My suggestion to vary the length is to add some non-determinism to gzip on the server side. This has the significant advantage of being transparent both to the application being served and to the client – it requires no changes to either. This makes it much easier to deploy than mechanisms which pad the content itself, or add data which needs to be explicitly ignored on the client. A quick review of the algorithm suggests that there are several places where you could introduce non-determinism.
The gzip algorithm either reproduces a string of bytes literally or, if that string has occurred before, replaces it with a pointer-length pair to a previously-occurring string of bytes. I suggest that the way that adds most variability to the output length would be to have gzip either not shorten a string, or shorten it to less than the maximum possible shortening, on some small percentage of occasions when it would otherwise do a full compression. The question is whether one can add enough length non-determinism to make the leaky length difference hard to detect without many repetitions and statistical analysis (which would drastically slow down the attack), without destroying the compression performance.
This scheme can be used to add arbitrary amounts of additional length (up to the original size of the file) in arbitrary places and patterns, dependent on static or variable factors.
As determinism may be an expected feature of gzip in some contexts, it would probably need to be made an option (which mod_gzip and similar libraries would invoke).
As an opening (and probably terrible) proposal for a static random length increase, I suggest that for each replaced sequence in the file, gzip decides either to replace it fully with a pointer+length, or to do so for all the chars bar the last one (emitting that char as a literal). It should do this with a probability of 1/N+1 for the Nth replacement in the file. This front-loads the non-determinism, producing an exponential decay in the likelihood of the sub-optimal choice being chosen, and meaning that the deleterious effect on large files is not overly large but small files still get a significant length variation.
This method might also work as a mitigation for CRIME.

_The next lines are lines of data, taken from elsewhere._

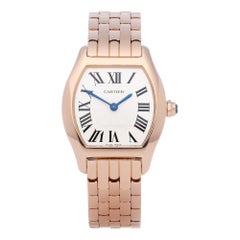 Cartier Tortue 3698 Ladies Rose Gold Watch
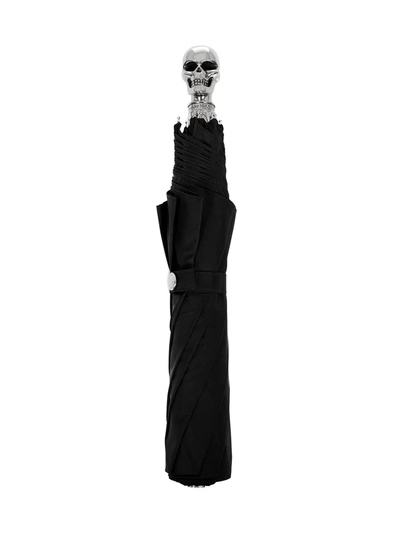 Shop Alexander Mcqueen Skull Umbrella In Black
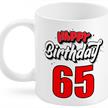 65 Happy Birthday Tasse | Bild 1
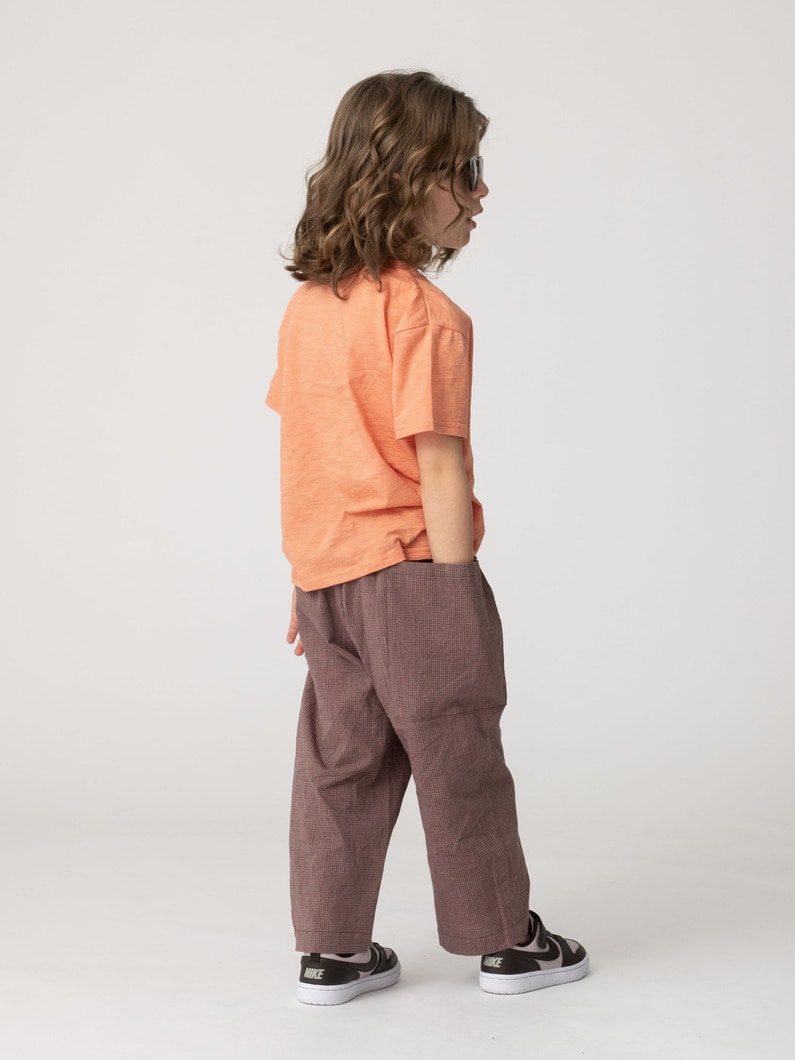 ギンガム チェック パンツ （レッド/グリーン/100-140cm） 詳細画像 red 3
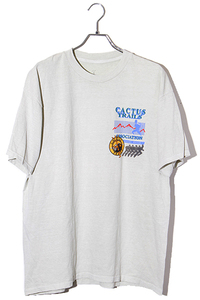 CACTUS JACK カクタスジャック トラヴィススコット SIZE:L CACTUS TRAILS ASSN T-SHIRT II ロゴ 半袖Tシャツ Light Cream ライトクリーム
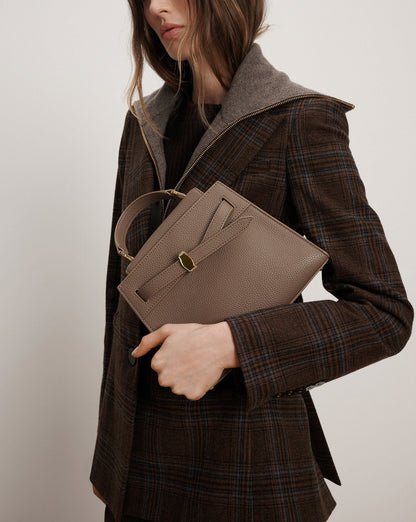 Veronica Beard Dash Top-Handle Bag in Light Brown Bark - Veronica Beard Sale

Any sort of additive randomness like that will not work. The attacker just needs to repeat each request enough times to average out the noise. The distribution will still be centered around a value that leaks information. You need to not compress secrets, which is somewhat difficult for applications which use server-side templating because you do actually want the bulk of that compressed.
Or Blackberry could just release the patents to Elliptic Curve Cryptography and we can all switch to it.
Why should the distribution necessarily be centred around the true value? If you can vary the amount of randomness in an unknown but non-random way (e.g. based on a fixed secret which changes once per day)…
I agree that to make this attack utterly impossible, you need to not compress your secrets. But that’s hard without a lot of reengineering. If we can instead make the attack infeasible, that would be OK.